Intervista

Intervista a Pappi Corsicato

Pappi Corsicato nasce a Napoli nel 1960. Si iscrive a Architettura, a Napoli, salvo poi trasferirsi a New York dove studia danza e coreografia, all’Alvin Allen Dance School, e recitazione. Nel 1990 conosce Pedro Almodovar, di cui è assistente alla regia in Legami!. Esordisce nel 1992 con il cortometraggio Libera, che andrà a costituire un frammento del suo omonimo esordio nel lungometraggio, presentato con successo critico al Festival di Berlino nel 1993 e premiato con il Nastro d’argento per la migliore opera prima, la Grolla D’Oro e il Globo d’Oro della stampa estera. Nel 1995 il successo di I buchi neri lo consacra definitivamente.

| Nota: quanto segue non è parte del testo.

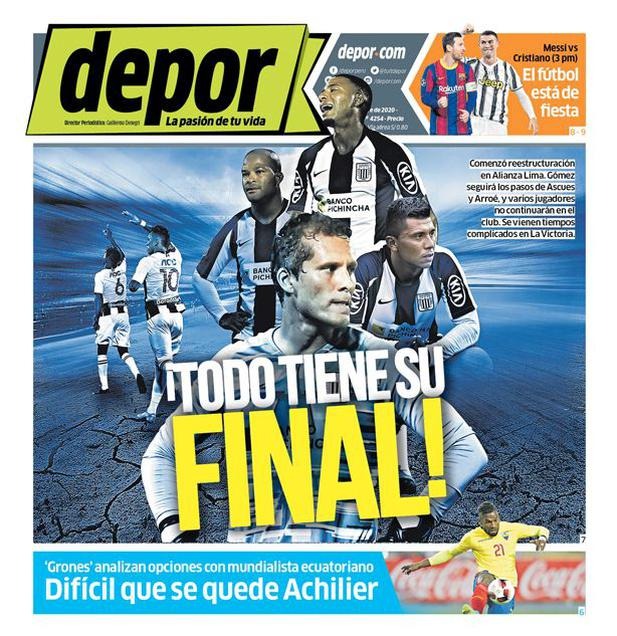 Alianza Lima acaparó portadas en los diarios deportivos este martes | Perú  | Lima | America deportes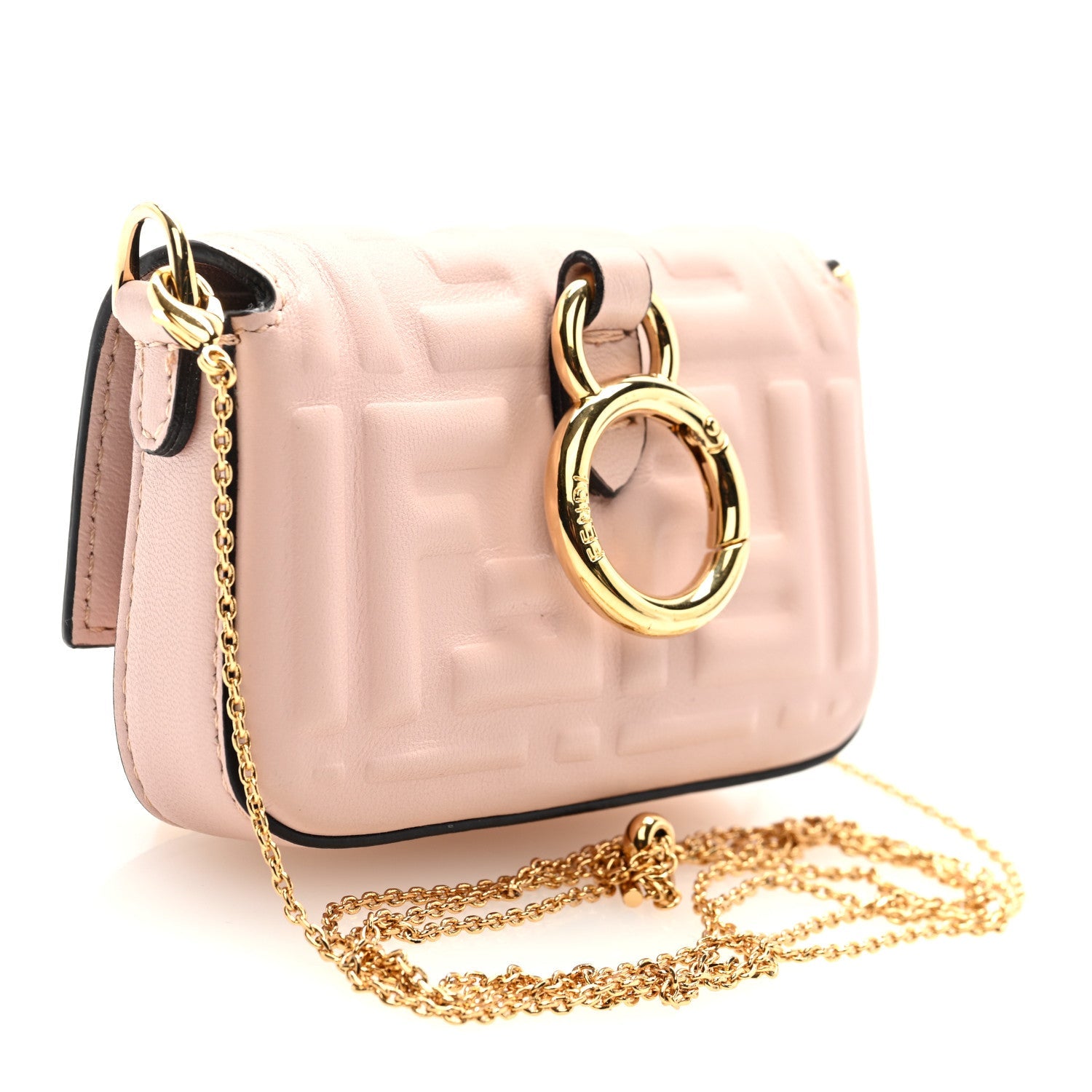 Nappa Matisse FF Embossed Nano Maxi Buckle Baguette Charm Rosa Quarzo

Nello stesso anno filma la regia di Nun te scurda’, videoclip di una canzone degli Almamegretta. L’anno successivo realizza Argento puro, videointervista a Marco Ferreri, sul set di Nitrato d’argento. Del 1997 è La stirpe di Iana episodio di I vesuviani, opera collettiva che raccoglie i più talentuosi cineasti napoletani: con lui Mario Martone, Antonietta De Lillo, Antonio Capuano, Stefano Incerti. Nel 2001 gira Chimera, opera ambiziosa, autoprodotta, accolta da estremi e contrastanti pareri critici. Dopo avere lavorato a documentari dedicati all’arte contemporanea (percorso iniziato nel 1995), esordisce in teatro con Eva Peron, confermando il decennale sodalizio con Iaia Forte, sua interprete feticcio. Dopo 7 anni di assenza dal circuito cinematografico ritorna con Il seme della discordia, presentato in concorso all’ultimo Festival di Venezia. Tra gli altri suoi lavori, La voce umana cortometraggio/libera interpretazione del celebre monologo di Cocteau.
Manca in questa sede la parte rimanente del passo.